(MATERIAL PROVIDED)
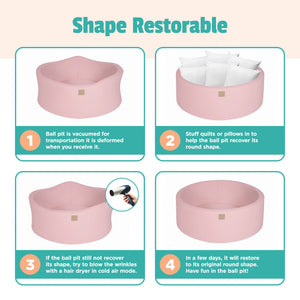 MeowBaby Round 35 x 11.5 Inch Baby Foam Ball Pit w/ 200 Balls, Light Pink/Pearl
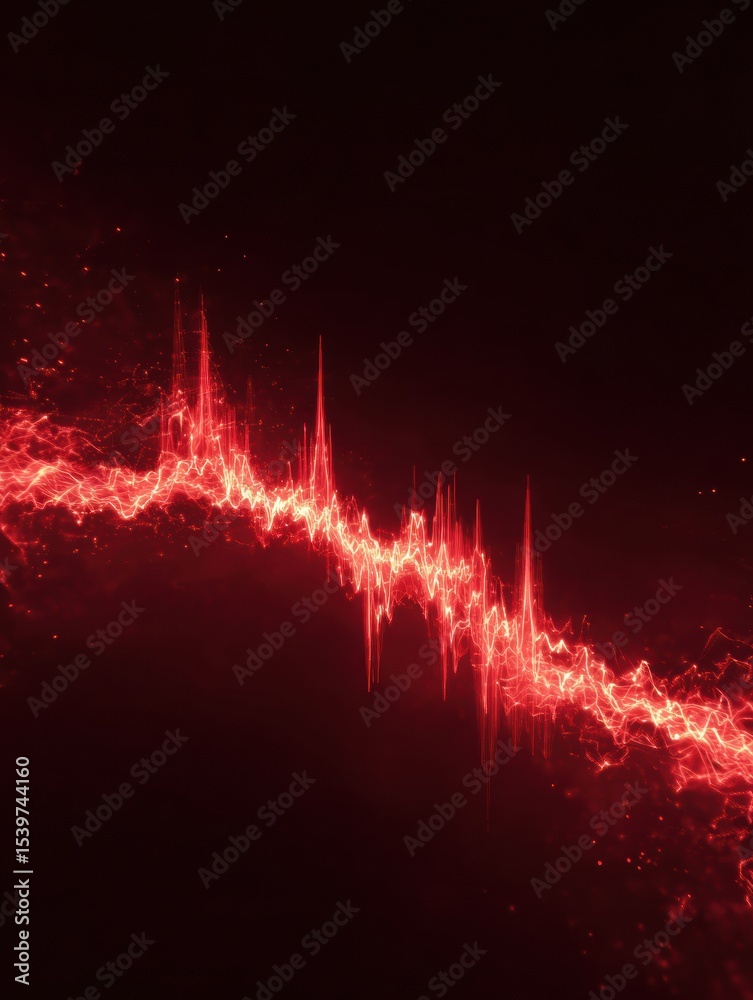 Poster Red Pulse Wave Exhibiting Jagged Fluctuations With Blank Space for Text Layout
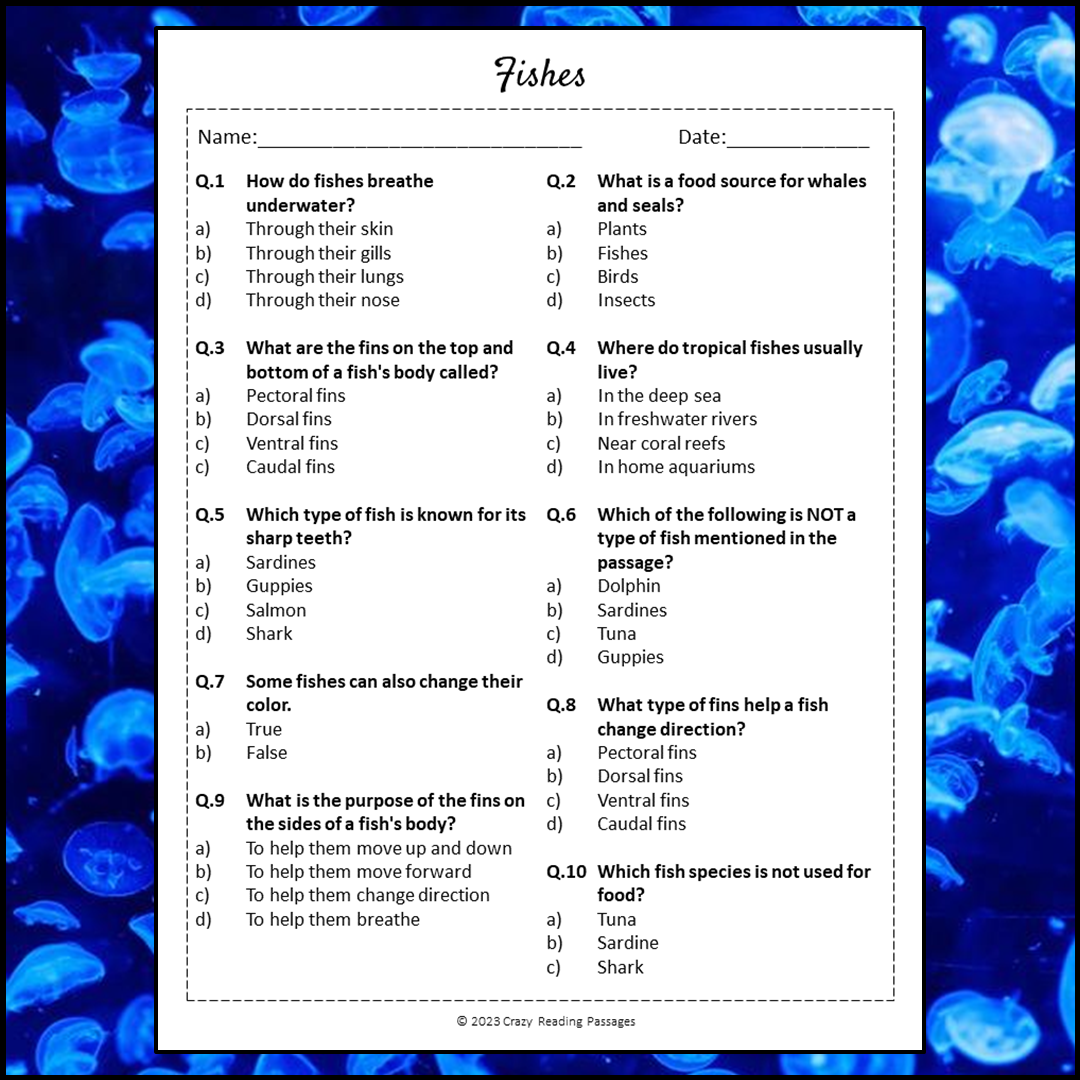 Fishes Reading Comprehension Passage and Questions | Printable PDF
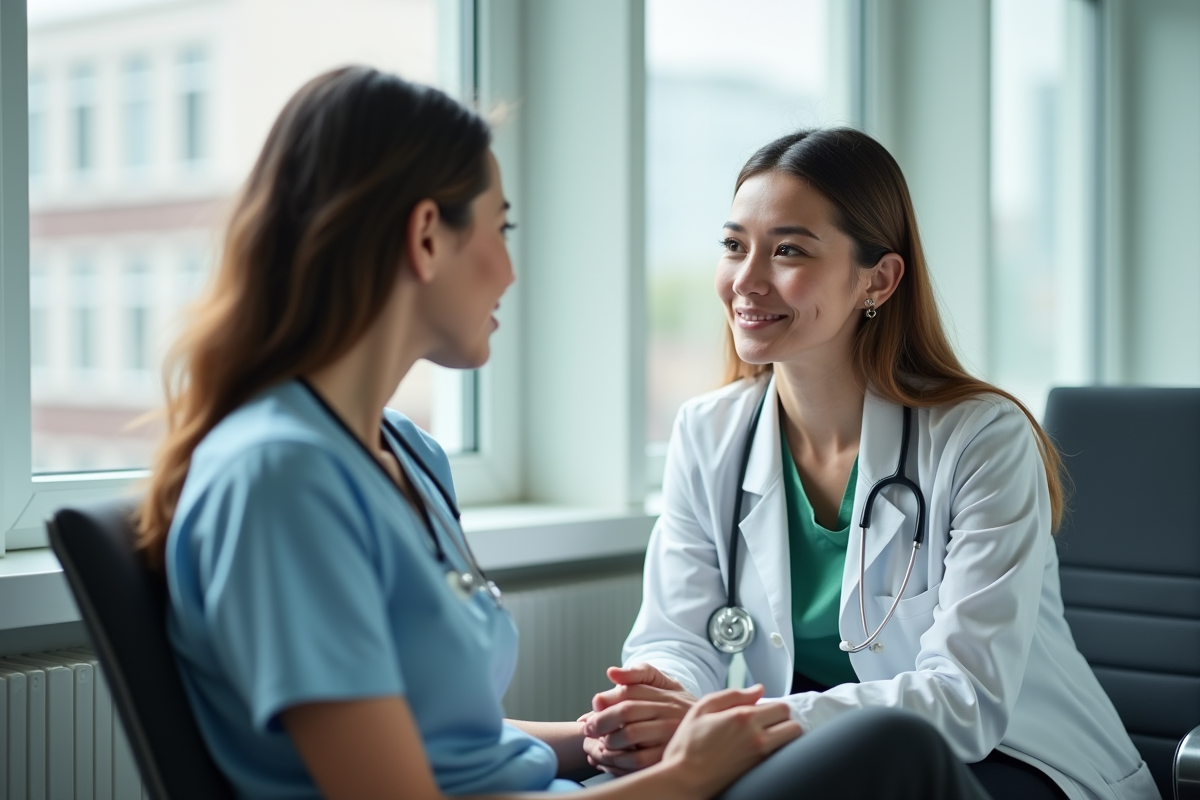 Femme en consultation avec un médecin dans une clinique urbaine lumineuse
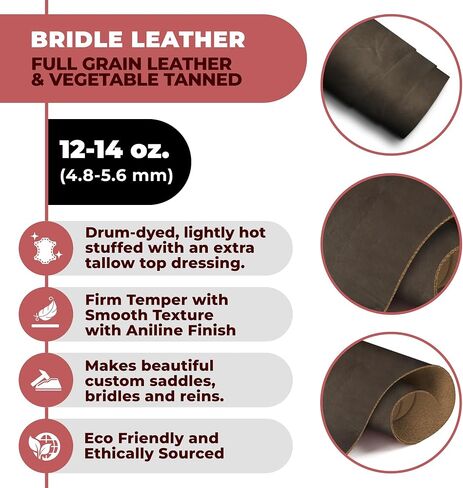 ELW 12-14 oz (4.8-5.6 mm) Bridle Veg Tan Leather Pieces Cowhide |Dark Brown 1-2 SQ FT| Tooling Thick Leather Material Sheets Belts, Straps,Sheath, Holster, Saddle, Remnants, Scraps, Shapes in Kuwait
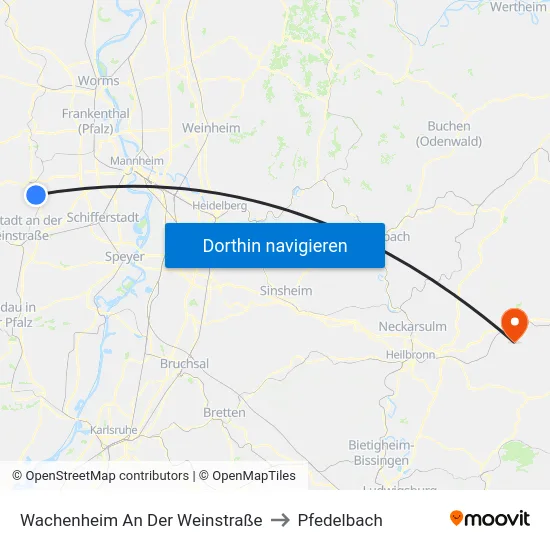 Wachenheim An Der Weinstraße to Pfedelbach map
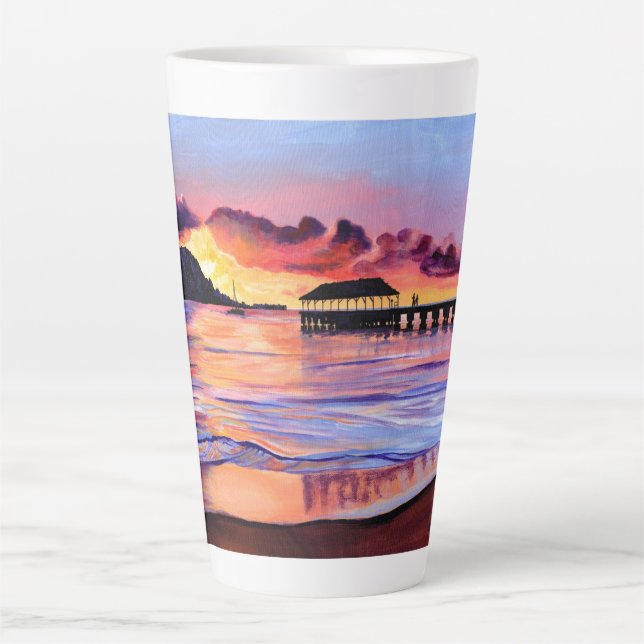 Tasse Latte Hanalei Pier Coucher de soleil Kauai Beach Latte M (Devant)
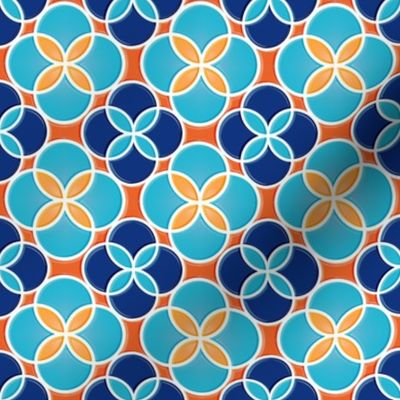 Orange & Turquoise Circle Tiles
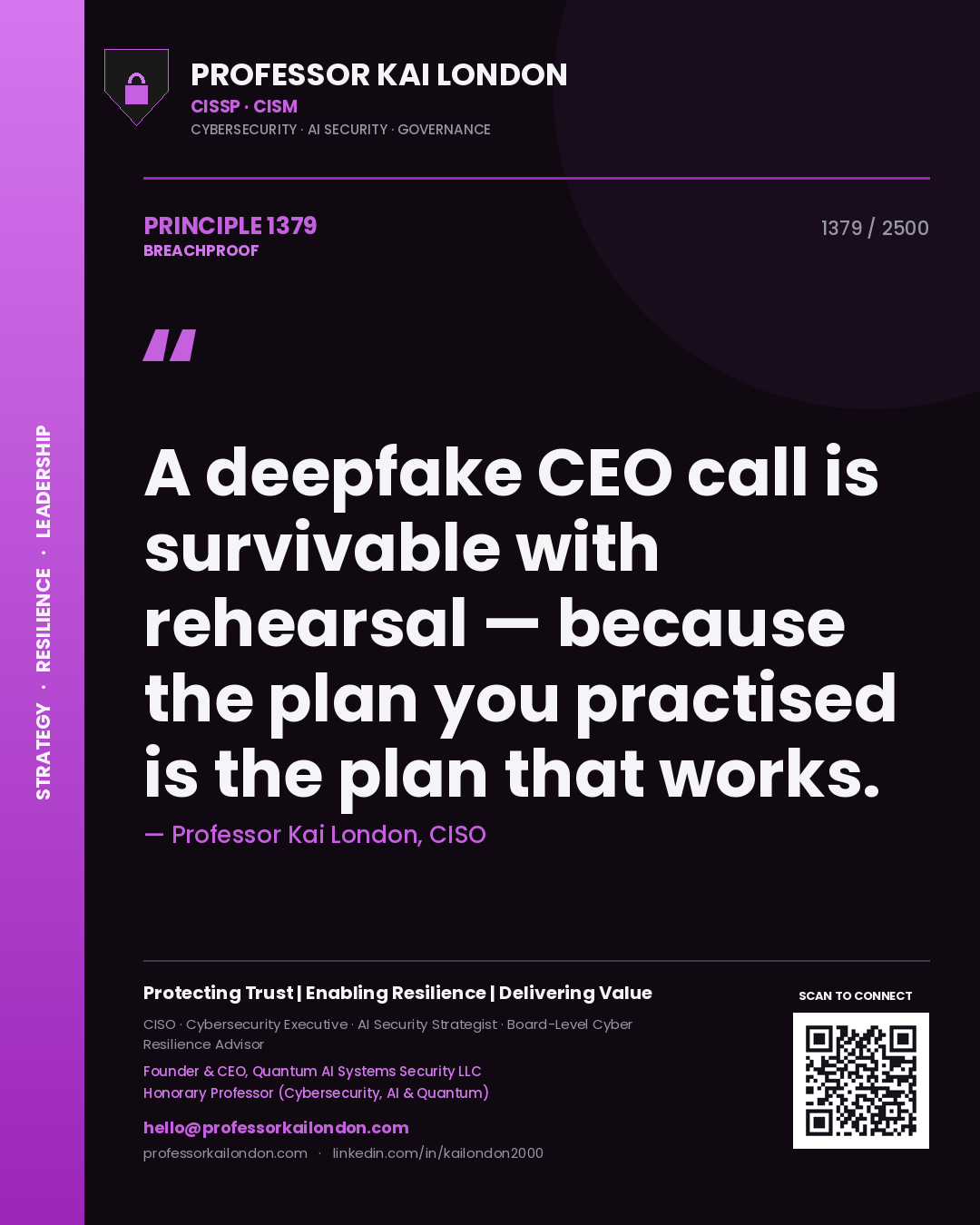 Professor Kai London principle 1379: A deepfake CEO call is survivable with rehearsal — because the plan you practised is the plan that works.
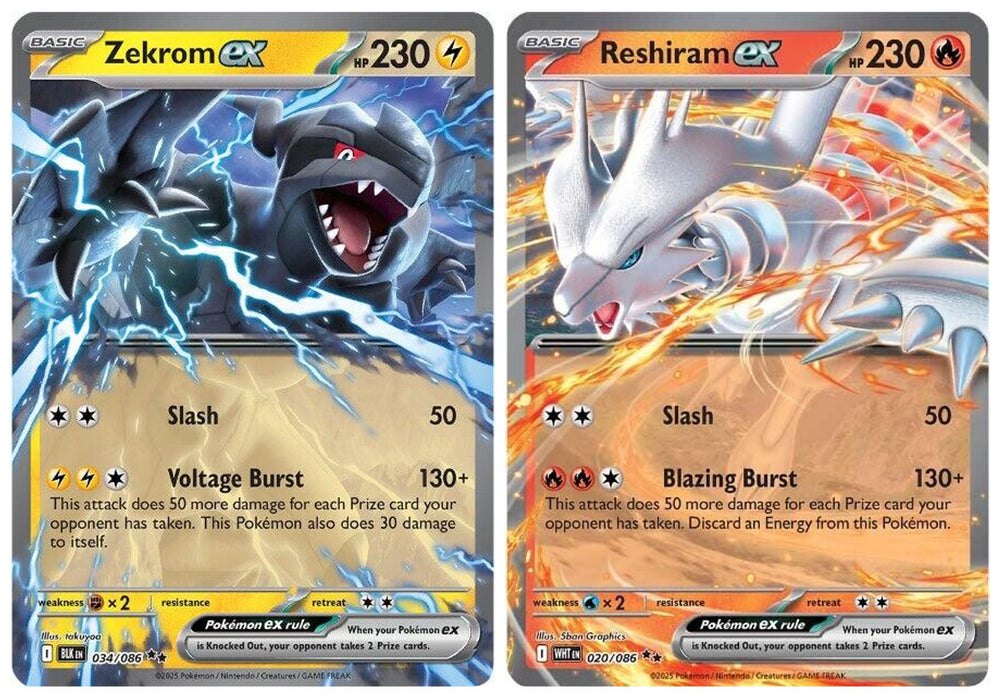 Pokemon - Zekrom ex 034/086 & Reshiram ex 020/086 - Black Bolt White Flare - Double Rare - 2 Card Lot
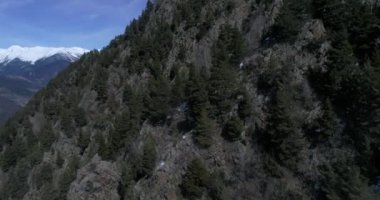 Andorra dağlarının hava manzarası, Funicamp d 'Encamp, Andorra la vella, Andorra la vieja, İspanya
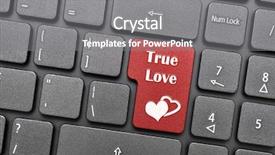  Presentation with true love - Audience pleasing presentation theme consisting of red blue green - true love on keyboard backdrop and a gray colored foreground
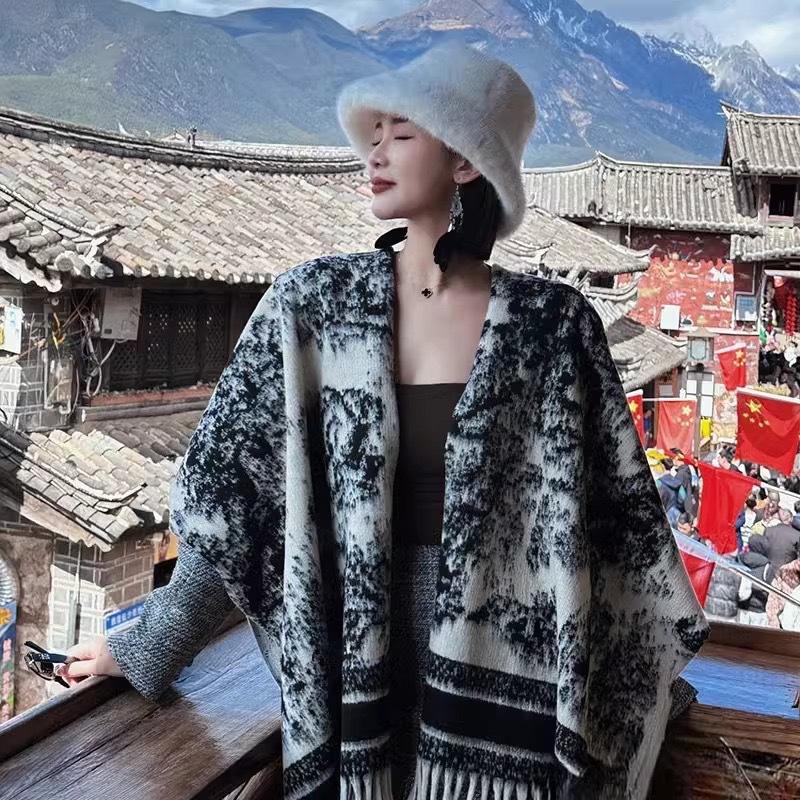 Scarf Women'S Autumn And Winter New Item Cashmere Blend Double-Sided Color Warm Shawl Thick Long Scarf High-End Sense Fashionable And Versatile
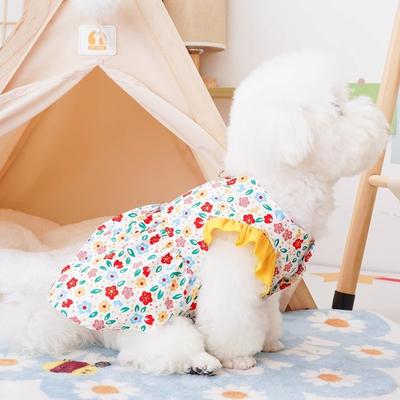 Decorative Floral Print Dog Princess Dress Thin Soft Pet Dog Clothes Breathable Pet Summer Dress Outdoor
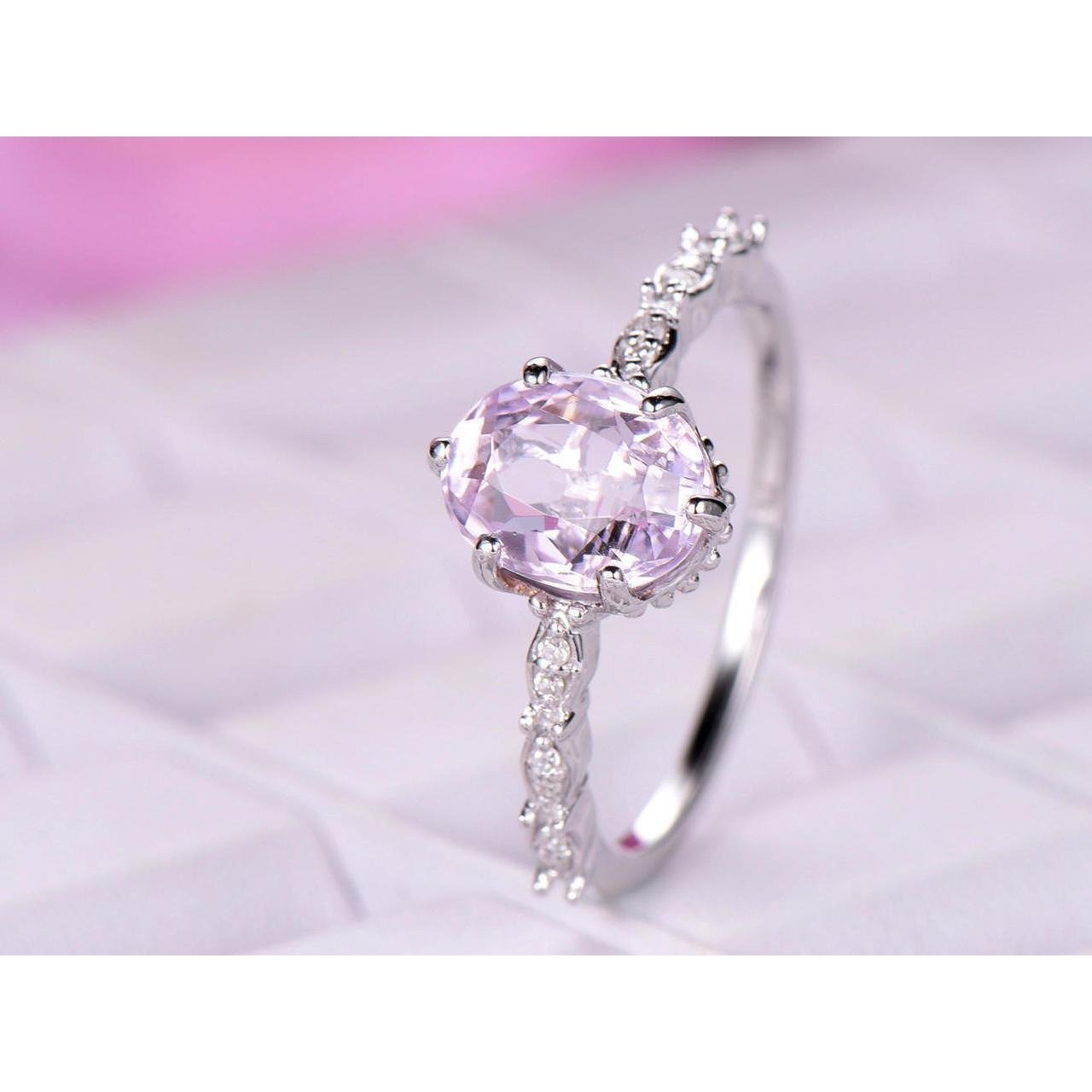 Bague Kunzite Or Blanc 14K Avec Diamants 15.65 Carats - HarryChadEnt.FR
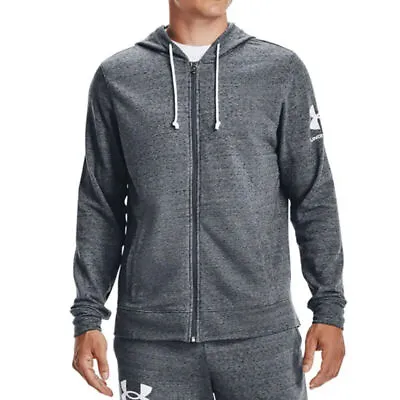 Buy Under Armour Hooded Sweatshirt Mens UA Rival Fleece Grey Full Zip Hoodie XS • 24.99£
(End MATERIAL PROVIDED)
TASK STATEMENT: Every line from the top of the entries through the line that holds "Fishes Reading Comprehension" is to be quoted exactly, please, and nothing else; omit the pictures.

RESPONSE FOR THIS EXERCISE:
 MeowBaby Round 35 x 11.5 Inch Baby Foam Ball Pit w/ 200 Balls, Light Pink/Pearl
 Poster Red Pulse Wave Exhibiting Jagged Fluctuations With Blank Space for Text Layout
 Fishes Reading Comprehension Passage and Questions | Printable PDF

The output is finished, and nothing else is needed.